On Mon, Dec 06, 2010 at 05:17:24AM -0800, Avery Pennarun wrote:
>
> My understanding is that readahead() is synchronous (it reads the
> pages, then it returns), but posix_fadvise(POSIX_FADV_WILLNEED) is
> asynchronous (it enqueues the pages for reading, but returns
> immediately). The latter is the behaviour I want. However, AFAICT
> the latter function is running synchronously - it does exactly the
> same thing as readahead() - which kind of defeats the point. I've
> searched around in Google and everybody seems to claim that this
> function really does work in the background as it should, so I'm
> mystified.
readahead and posix_fadvise(POSIX_FADV_WILLNEED) work exactly the same
way, and in fact share mostly the same code path (see
force_page_cache_readahead() in mm/readahead.c).
They are asynchronous in that there is no guarantee the pages will be
in the page cache by the time they return. But at the same time, they
are not guaranteed to be non-blocking. That is, the work of doing the
readahead does not take place in a kernel thread. So if you try to
request I/O than will fit in the request queue, the system call will
block until some I/O is completed so that more I/O requested cam be
loaded onto the request queue.
The only way to fix this would be to either put the work on a kernel
thread (i.e., some kind of workqueue) or in a userspace thread. For
an application programmer wondering what to do today, I'd suggest the
latter since it will be more portable across various kernel versions.
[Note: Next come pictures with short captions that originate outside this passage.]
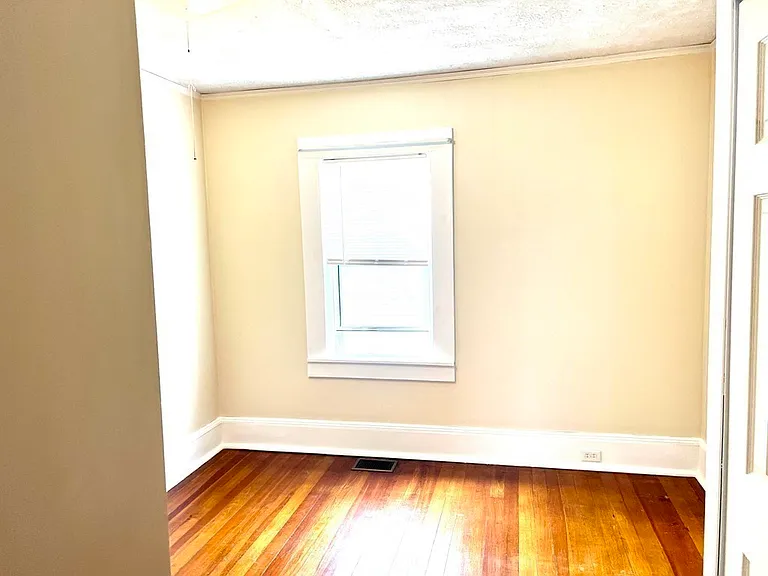 5 Adams St #1 — Photo 12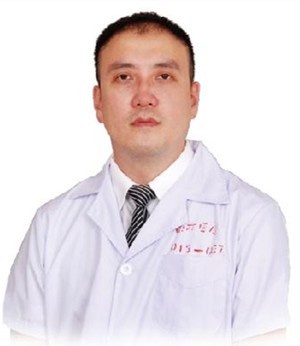 李万立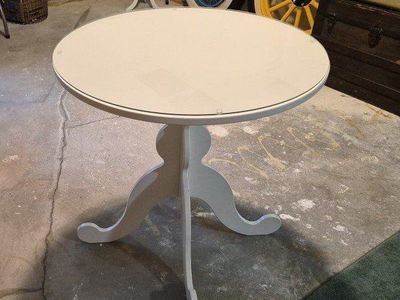 Round Pedestal Table with Glass Top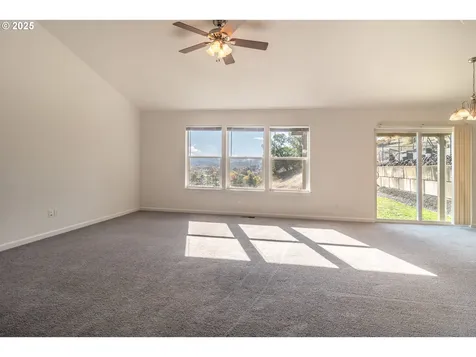 246 Palmdale Avenue Roseburg OR 97471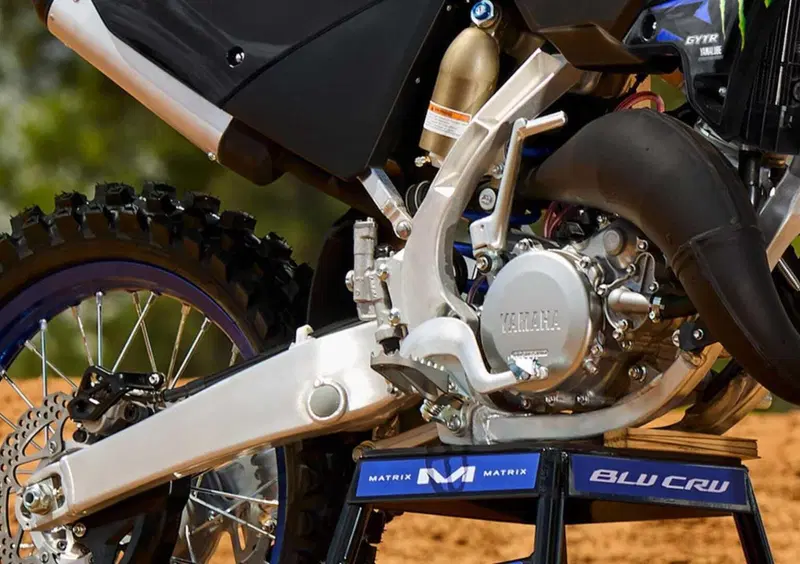 Yamaha YZ 125 YZ 125 Monster Energy Yamaha Racing Edition (2027) (12)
This does leave the question about whether we should change the kernel
to allow readahead() and posix_fadvise(POSIX_FADV_WILLNEED) to be
non-blocking and do this work in a workqueue (or via some kind of
callback/continuation scheme). My worry is just doing this if a user
application does something crazy, like request gigabytes and gigabytes
of readahead, and then repents of their craziness, there should be a
way of cancelling the readahead request. Today, the user can just
kill the application. But if we simply shove the work to a kernel
thread, it becomes a lot harder to cancel the readahead request. We'd
have to invent a new API, and then have a way to know whether the user
has access to kill a particular readahead request, etc.
- Ted
P.S. Yes, I know force_page_cache_readahead() doesn't currently have
a check for signal_pending(current) to break out of its loop. But it
should, and that's a fixable problem. The problem with pushing
readahead work into kernel thread is a conceptual one; our current
API's give no way cancelling the readahead request today.